Sudan’s conflict has also made aid delivery politically contested. Humanitarian agencies need approval from armed authorities and safe passage through contested territory. They also need enough funding to keep local networks open. In parts of Darfur and Kordofan, those limits now interact with malnutrition and displacement.
Kordofan Is the Hinge
Kordofan has become the hinge between the drone war and the hunger emergency. It sits between the army’s central positions and the RSF’s western zone. Its roads matter for military logistics and civilian survival at the same time.
The U.N. human rights office recorded most drone-related civilian deaths in Kordofan during the first four months of 2026. Reuters said the office reported 26 civilians killed in strikes on Al Quz in South Kordofan and near El Obeid in North Kordofan on May 8. Those locations sit inside the belt where food insecurity is expected to deteriorate during the lean and rainy seasons.
Control of Kordofan offers military advantages to both sides. For the army, the region helps protect a central corridor and routes toward western Sudan. For the RSF, it can connect Darfur with pressure points farther east and south. For civilians, the same contest turns roads and markets into military objects.
This is where hunger and drone warfare reinforce each other. The drone campaign raises the cost of movement. The hunger emergency raises the value of every route that remains open. A battle over a junction becomes a battle over whether civilians can reach food and medicine.
Foreign Support Raises the Ceiling
Sudan’s drones also point beyond Sudan. Reuters reported in May that the army accused Ethiopia and the United Arab Emirates of involvement in a drone attack on Khartoum airport. Ethiopia rejected the accusation as baseless. Reuters described the allegation as unverified. Sudan has repeatedly accused the UAE of supporting the RSF, a charge the UAE has denied.
The precise supply chains remain contested. The strategic effect is clearer. Advanced drones raise the scale of the war. They give local commanders tools that can reach deeper into rival territory and strike targets with political value.
The U.N. human rights chief called for stronger measures to prevent arms transfers to Sudan’s warring parties, including advanced drones. That appeal reflects a basic reality of the conflict. External support has widened the war’s technical capacity faster than diplomacy has narrowed its political aims.
For outside governments, Sudan has become a test of whether arms control and diplomatic pressure can affect a war fought through fragmented supply networks. For Sudanese civilians, the result is immediate. More capable drones mean more places within range.

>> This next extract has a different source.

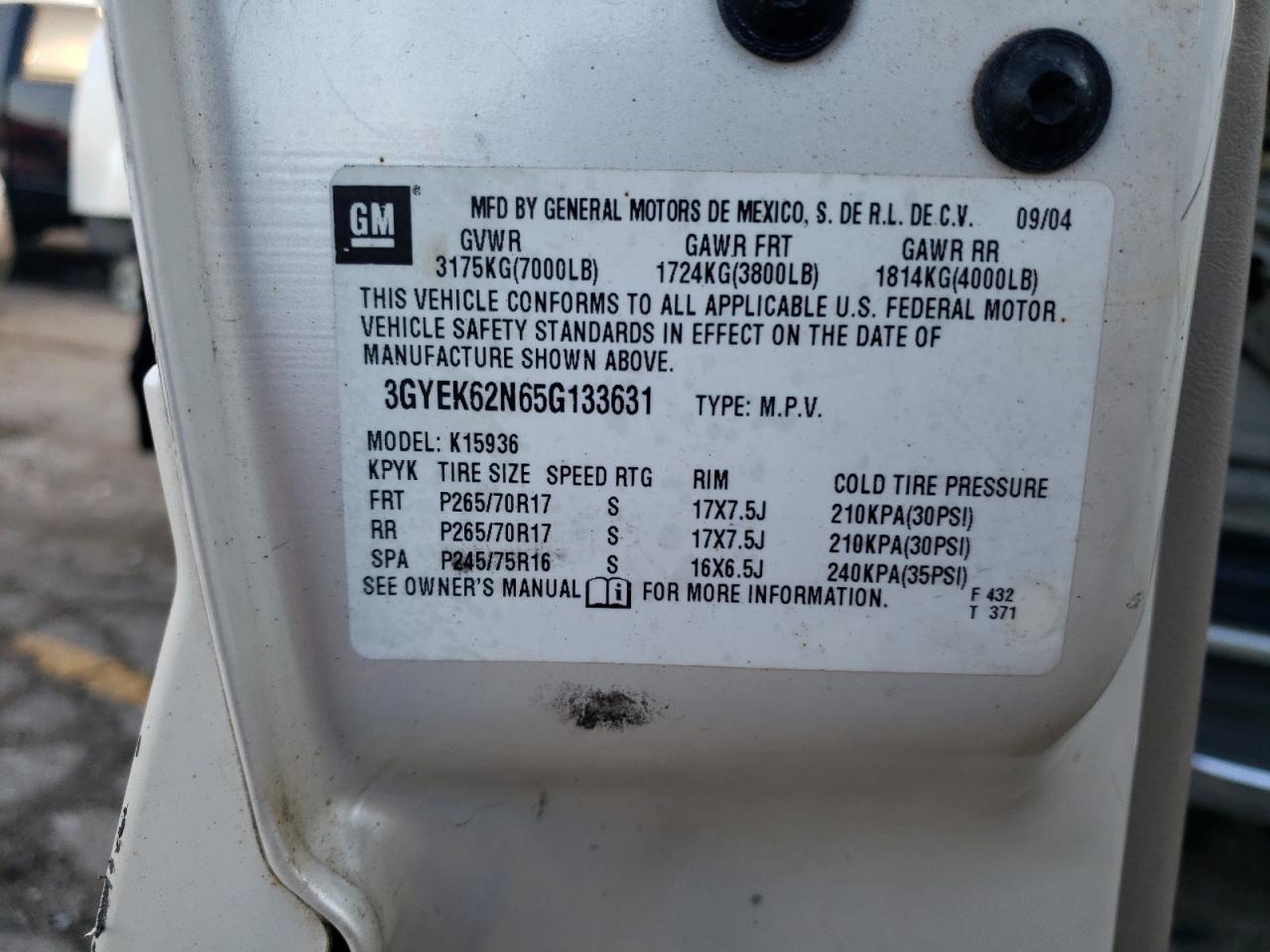 3gyek62n65g133631 3GYEK62N65G133631 2005 Cadillac Escalade Ext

The Humanitarian Map Has Become a Military Map
Sudan’s war now punishes civilians through systems. A drone strike can close an airport. A burned market can erase a town’s food supply. A contested road can strand aid trucks. A funding cut can shrink communal kitchens just as the lean season begins. A siege can turn hunger from a condition into a weapon.
The IPC figures show the scale of need. The U.N. drone warning shows the changing method of violence. Together, they describe a war in which territorial control tells only part of the story. Control over movement may decide how many civilians can survive.
The danger for Sudan is that drones make deprivation more mobile. Earlier siege warfare trapped people inside cities such as al-Fashir and Kadugli. The newer pattern can spread similar pressure across roads and market towns. It can hit the places civilians flee toward as well as the places they flee from.
Diplomacy has struggled because the warring parties still see military advantage in escalation. Humanitarian relief has struggled because access depends on the same routes and permissions the war keeps disrupting. Those failures leave Sudan with a grim equation: as the war moves through drones and supply routes, famine risk becomes part of the battlefield itself.